Thanks for the reply. That sounds better than when I went to Postmates meeting. However I do not have a trunk, so food odors would be a bummer. And I still do not see how one can get around lunch time downtown without possibly having to pay for parking. Did you check ID delivering the alcohol?
I hope it continues to go well for you.


----------



## fork2323 (Aug 27, 2014)

frndthDuvel said:


> Thanks for the reply. That sounds better than when I went to Postmates meeting. However I do not have a trunk, so food odors would be a bummer. And I still do not see how one can get around lunch time downtown without possibly having to pay for parking.

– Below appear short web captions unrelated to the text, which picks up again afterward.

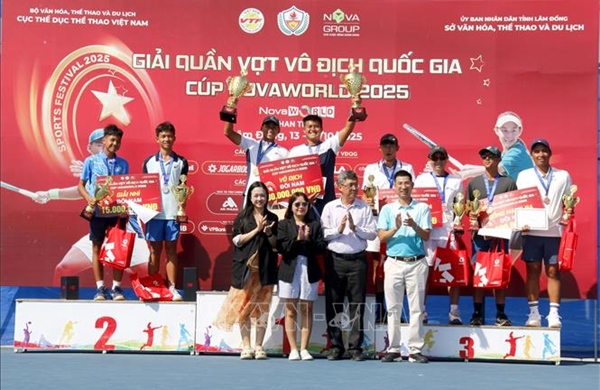 The conclusion of the National Tennis Championship - NovaWorld Cup 2025
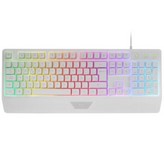 Teclado Gaming SemiMecánico Mars Gaming MK124/ Blanco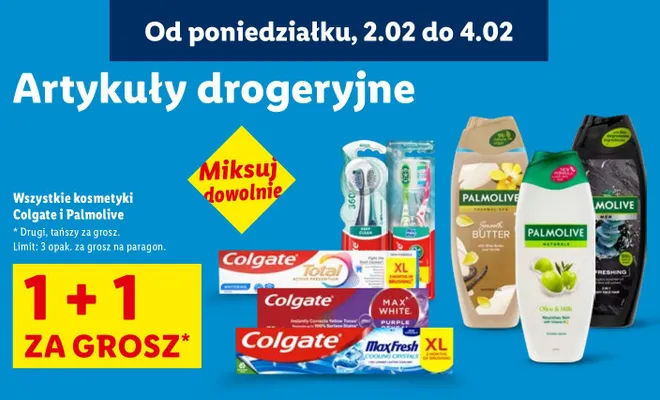 Żel pod prysznic Palmolive różne rodzaje promocja w Lidl
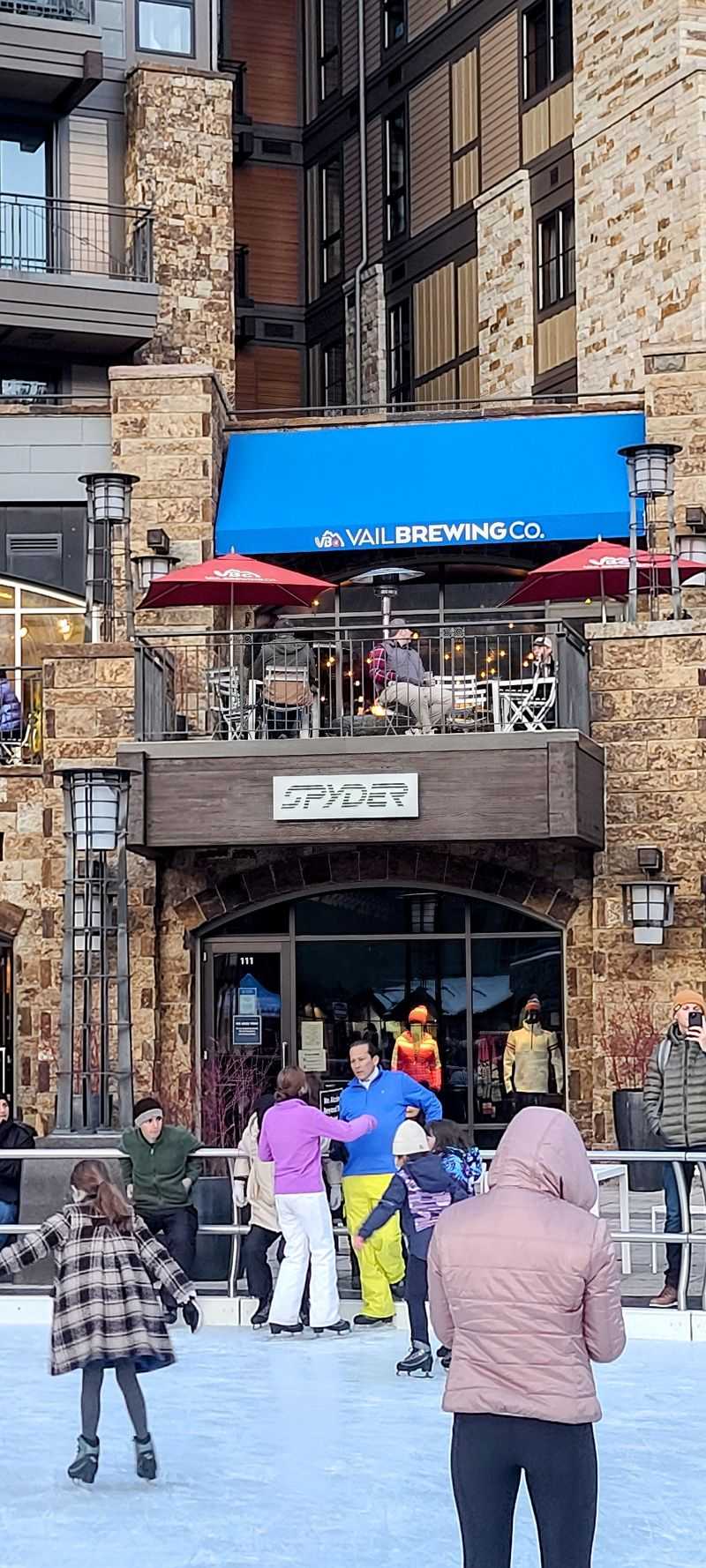 Ice skating at Solaris Plaza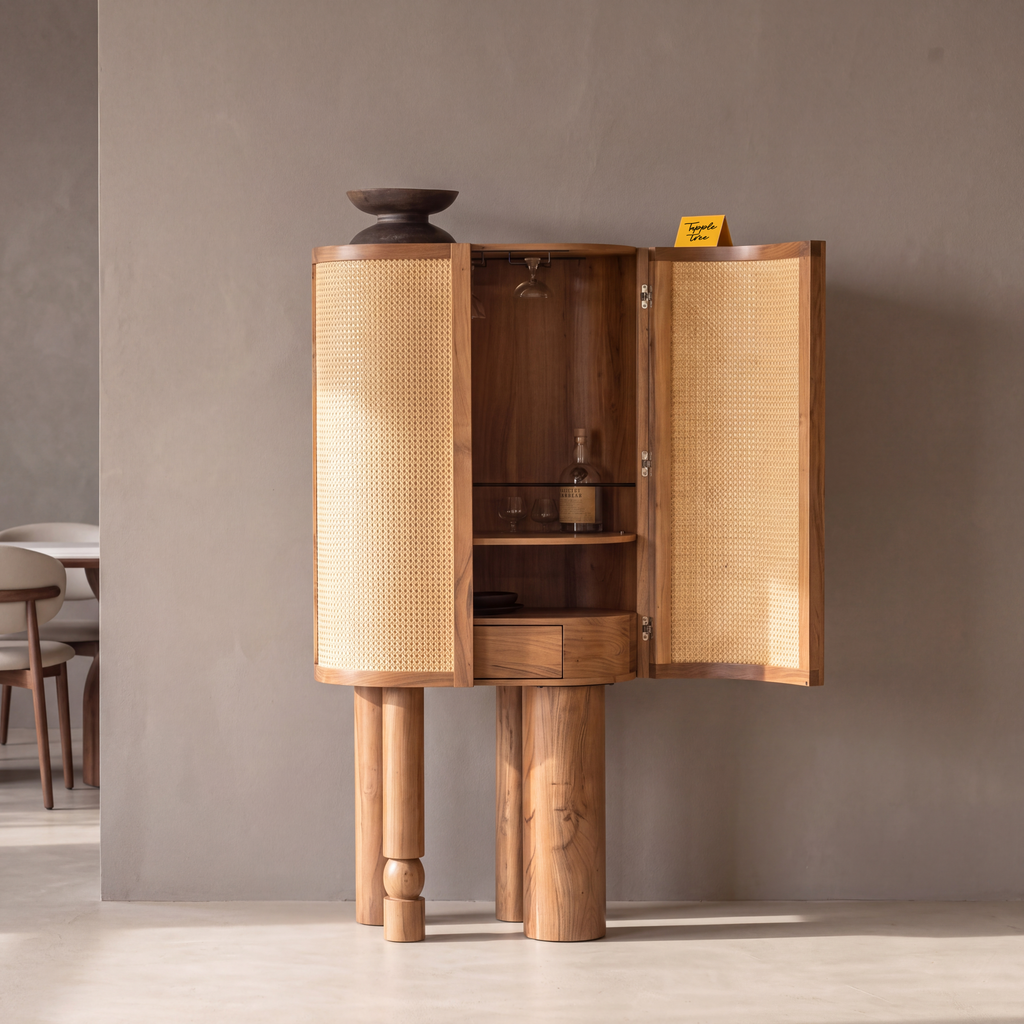 Alden Fern Bar Cabinet — main lifestyle hero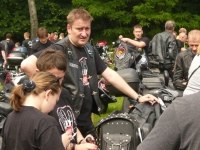 Zdjęcie: KM BIKERS LEGION LESZNO NA V ZLOCIE MOTOCYKLOWYM W ROGALINIE 09.06.2013.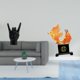 thumbnail image 2 of Escultura Creativa De Pez Con Gesto De Mano, Adorno De Resina, Estatua De Carpa Moderna Para Apartamento, Dormitorio, Restaurante, Escritorio, Oficina, Decoración Del Hogar., 2 of 8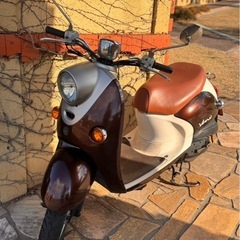 ヤマハ ビーノ50 バッテリーとオイル交換済みの画像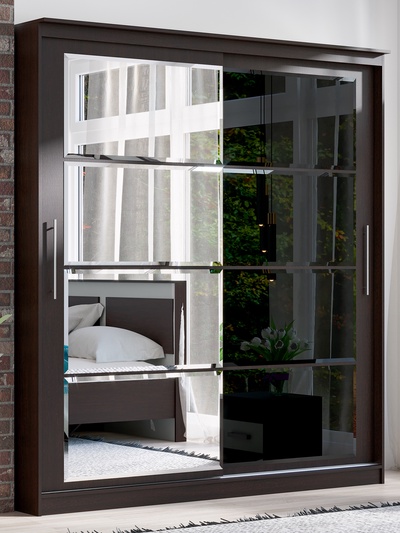 Шкаф – купе «Элегант 7», 2000×650×2200 мм, цвет венге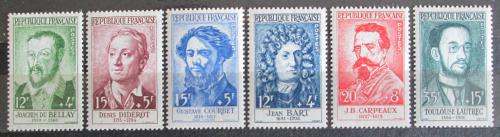 Poštové známky Francúzsko 1958 Osobnosti Mi# 1202-07 Kat 12€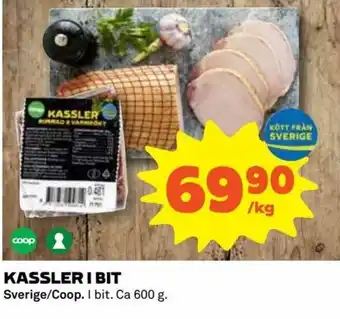 Coop Konsum Coop Kassler I Bit 600g erbjuda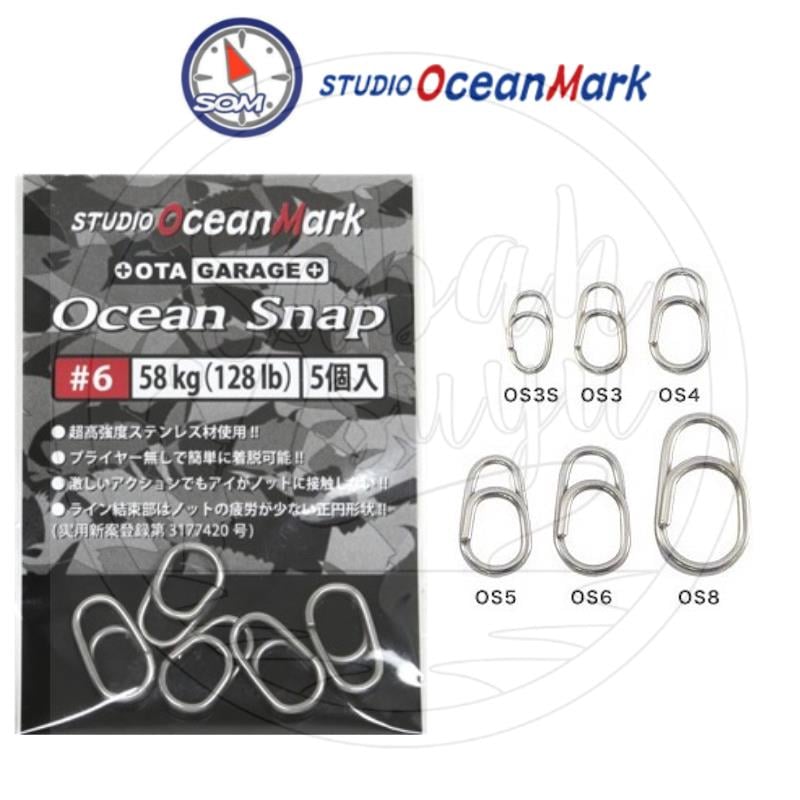 Studio Ocean Mark OGM Ocean Snap Klips #6 58 Kg. 128 Lb.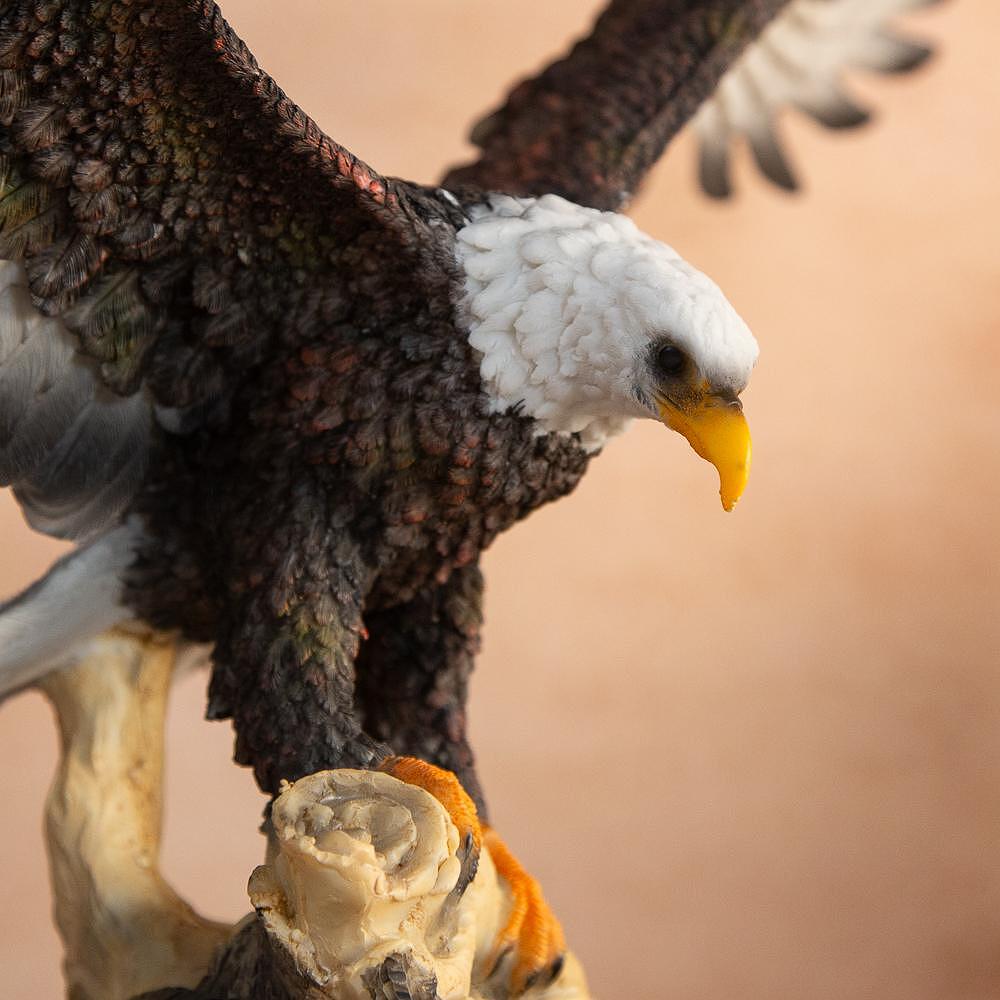 81033799 Decorative statuette - Eagle in flight over rocks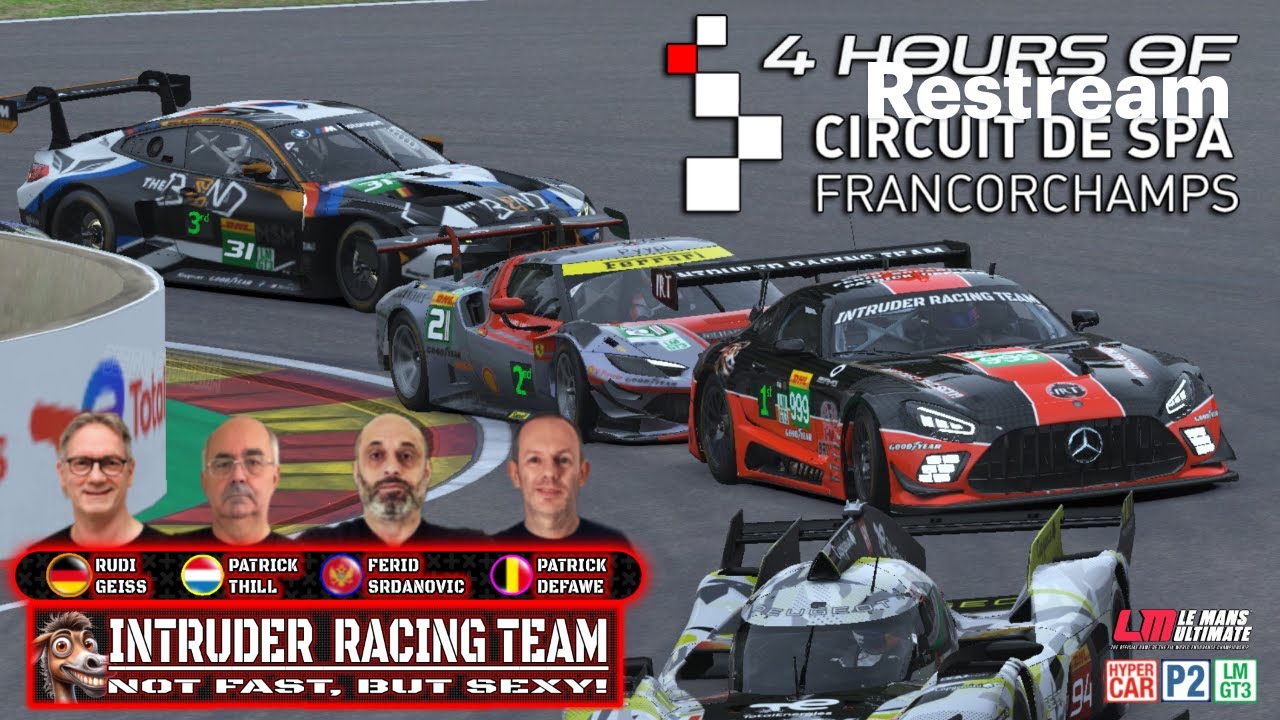 Le Mans Ultimate. LMGT3 AMG. 4 Stunden Spa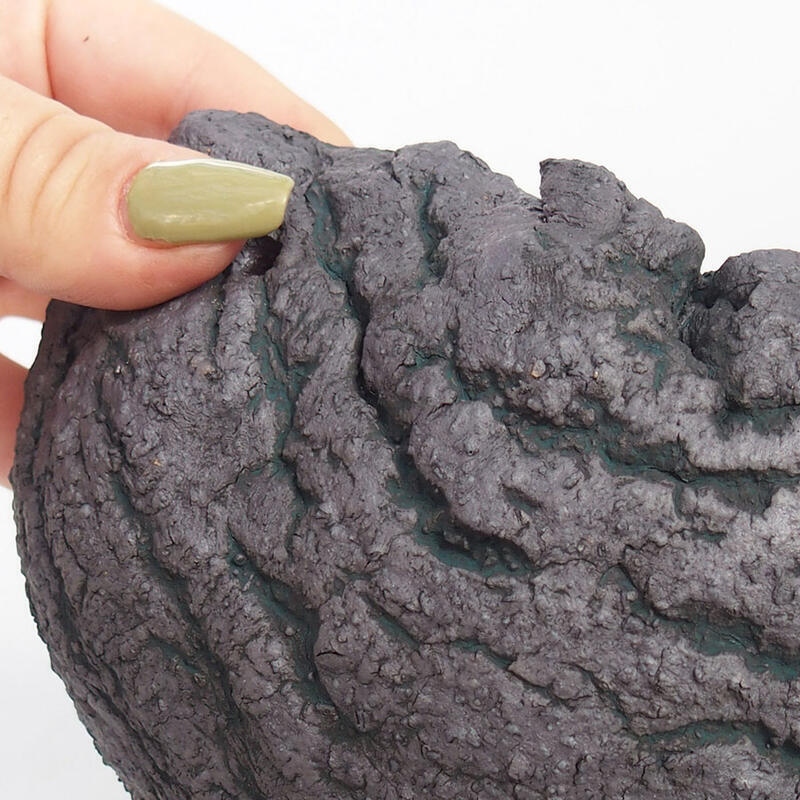 Keramikschale 15 x 13 x 11 cm , Metallic-Farbe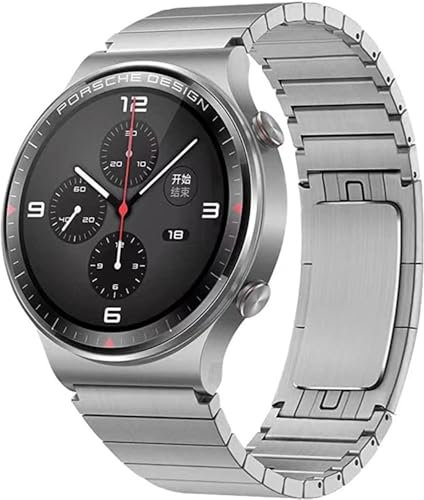 VZEXJIU Pulsera para Huawei Watch 5 Pro/GT 5 46mm/GT 4/GT 4 Pro 46mm/GT 3 Pro Watch 5 4 3 2 Pro 46mm Correa 22mm Acero de Inoxidable para Samsung Galaxy Watch 3 45mm/Watch 46mm/Gear S3,Plata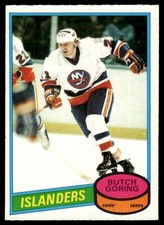 1980-81 O-Pee-Chee Vintage OPC Set Break Butch Goring New York Islanders #254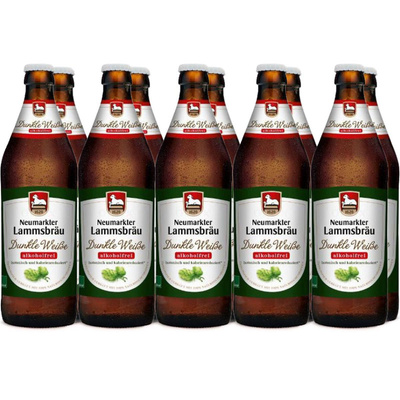 Produktfoto zu Lammsbräu Dunkle Weisse alkoholfrei 10* 0,5 L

Did you check ID delivering the alcohol?
> I hope it continues to go well for you.


I don't do downtown LA, I keep it to Westside, better tips, lots of parking. ap is more popular over there... if you have no trunk, where do you put luggage for airport runs? I also have hot/cold bags that keep the food smell contained.


----------



## frndthDuvel (Aug 31, 2014)

fork2323 said:


> I don't do downtown LA, I keep it to Westside, better tips, lots of parking. ap is more popular over there... if you have no trunk, where do you put luggage for airport runs? I also have hot/cold bags that keep the food smell contained.


The coverage area for Postmates was mostly downtown in the SD area,with little easy and no free parking.. Postmates did not even cover the college area where one could assume beer runs on a Fri/Sat night might be steady. 
Kia Sorrento ,rear seats(XL) fold down. I have had some airport runs request an XL just so they know a Prius won't show up and not have room for their luggage.


----------



## Guest (Feb 9, 2015)

lu181 said:


> You gamed nothing you are doing exactly what uber wants. With every price change they do a temporary guarantee to keep fools happy long enough to get new driver on the road they know they will lose some drivers when guarantee goes away. If people would stop being fools and stop driving at these crap rates you would have 2.50 a mile and actually turn a profit


Since you mention making $2.50 a mile my best guess is that you are one of those hot-shot limo guys slumming on an uber site.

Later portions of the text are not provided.